According to a statement released by the Moroccan Foreign Ministry on Friday, “the King deemed it inappropriate to accede to the request because it is undoubtedly related to the presidential elections in Nigeria and might be seen as a rapprochement between Rabat and Abuja.”

Morocco considers that Nigeria’s request is strange and that it is far from being a usual diplomatic approach.

The Statement also explained the King’s refusal to talk to Mr. Jonathan by his country’s stands on “national and Arab-Islamic sacred causes” and to the concern to see Nigerian authorities use the phone exchange with the Moroccan King as a means to recuperate the electorate in Northern Nigeria, which is predominantly Muslim.

On Saturday, the Moroccan Foreign Department summoned the Nigerian chargé d’Affaires to officially inform him about the King’s refusal to talk to the outgoing president, who is candidate to a second presidential term at the polls scheduled for March 28.

“This is a mere attempt to exploit the phone call politically, as the presidential elections are nearing,” a Moroccan diplomatic source said.

Mr Jonathan “has been president for five years and has never made any request for a phone contact (…) There is only one explanation to his unexpected request: he wants to give the impression that he is on good terms with the ruler of an Arab and Muslim country,” as the date of the upcoming elections is nearing, the Moroccan diplomatic source told AFP.

“It’s a matter of principle.
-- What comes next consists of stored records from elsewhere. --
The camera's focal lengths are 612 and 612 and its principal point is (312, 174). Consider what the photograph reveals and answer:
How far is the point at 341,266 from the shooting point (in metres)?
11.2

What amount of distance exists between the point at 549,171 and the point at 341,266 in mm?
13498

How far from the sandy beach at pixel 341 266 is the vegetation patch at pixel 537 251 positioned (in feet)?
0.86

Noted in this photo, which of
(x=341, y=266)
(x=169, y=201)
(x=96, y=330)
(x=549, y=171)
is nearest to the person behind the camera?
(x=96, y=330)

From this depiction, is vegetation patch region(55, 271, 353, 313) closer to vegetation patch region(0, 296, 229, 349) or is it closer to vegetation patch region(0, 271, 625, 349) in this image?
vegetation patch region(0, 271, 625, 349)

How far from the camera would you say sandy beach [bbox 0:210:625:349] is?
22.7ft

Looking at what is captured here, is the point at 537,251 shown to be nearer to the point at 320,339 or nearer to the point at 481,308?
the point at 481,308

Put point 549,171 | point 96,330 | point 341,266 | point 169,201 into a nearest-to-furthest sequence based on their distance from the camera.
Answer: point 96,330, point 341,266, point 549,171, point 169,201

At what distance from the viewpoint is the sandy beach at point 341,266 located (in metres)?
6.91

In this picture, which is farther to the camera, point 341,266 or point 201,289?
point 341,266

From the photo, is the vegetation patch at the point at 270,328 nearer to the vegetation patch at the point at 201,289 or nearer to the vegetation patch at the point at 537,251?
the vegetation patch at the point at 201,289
We wanted to avoid a political exploitation attempt”, especially vis-à-vis the predominantly Muslim population of northern Nigeria, the source said.
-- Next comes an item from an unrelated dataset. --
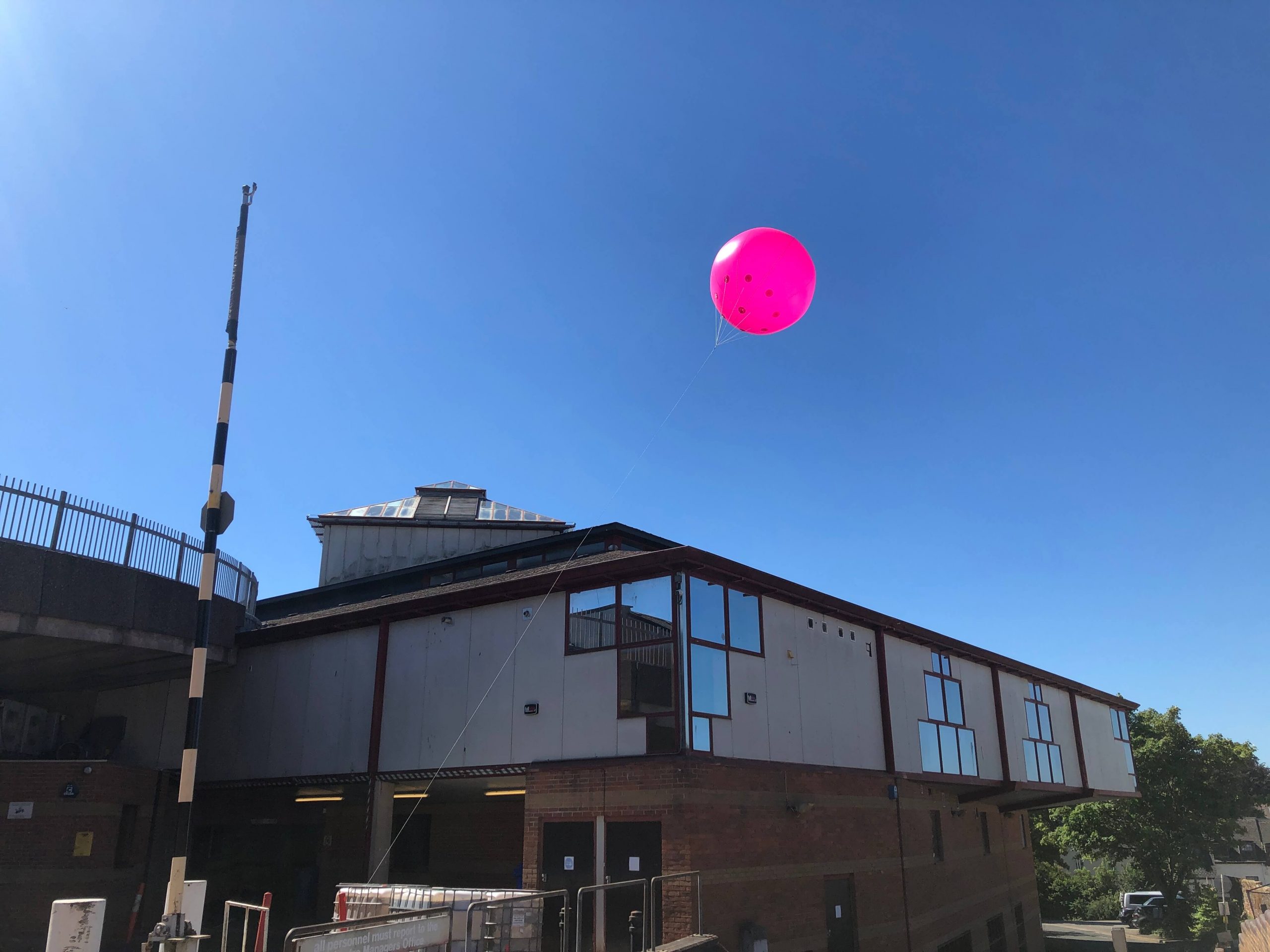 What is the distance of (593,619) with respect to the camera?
52.2 feet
The Muslim population of Northern Nigeria, which is the main target of Boko Haram is at odds with the central government, deeming it is failing to protect it against the terrorist group attacks.
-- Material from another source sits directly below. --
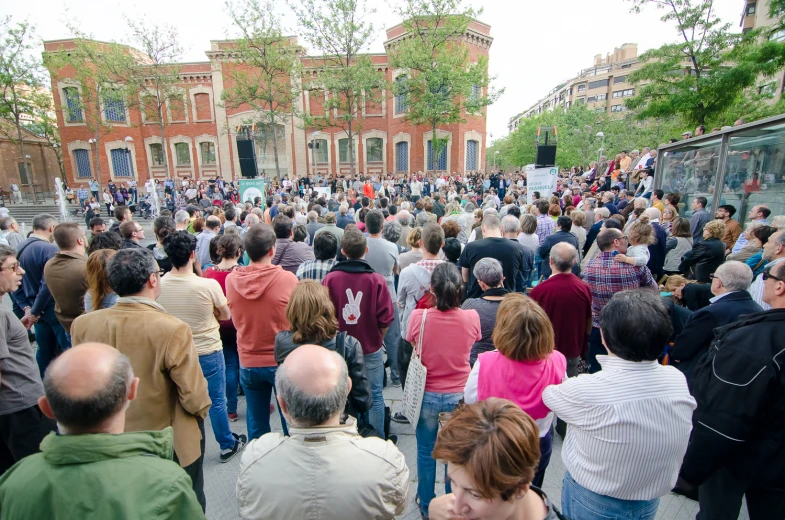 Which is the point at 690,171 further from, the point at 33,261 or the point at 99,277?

So, Morocco thinks that Jonathan’s attempt to get in touch with the King is basically meant to display his closeness with an outstanding Arab and Muslim leader and enhance thus his own standing both among the Muslim population of the North and throughout the country and to regain prestige with the Arab and Islamic world.

Nigeria’s relations with Arab and Muslim States are actually rather cold especially after Abuja abstained during the vote on the draft resolution on the recognition of the Palestinian State at the end of 2014 and Jonathan’s increasing visits to Israel, both official and private, knowing that all and each Arab and Islamic country considers the Palestinian cause as a its own sacred cause.

The diplomatic source also said that besides the electoral context in Nigeria, the King’s refusal can be explained by Abuja’s stand on the Western Sahara issue. Actually, relations between the two countries have been strained since Abuja recognized the Polisario-proclaimed Sahrawi Republic in 1984 and became the spearhead of the anti-Morocco bloc.

Morocco recovered the Western Sahara, a territory formerly under Spanish rule, in 1975 but its independence is claimed by the Algeria-backed Polisario.

The UN is trying to reach a mutually acceptable political solution to this conflict which is hampering the edification of a strong Maghreb Union, able to take up the economic challenges thrown at the five Maghreb countries and also to cope with the terrorist threat endangering the whole Sahel-Sahara region.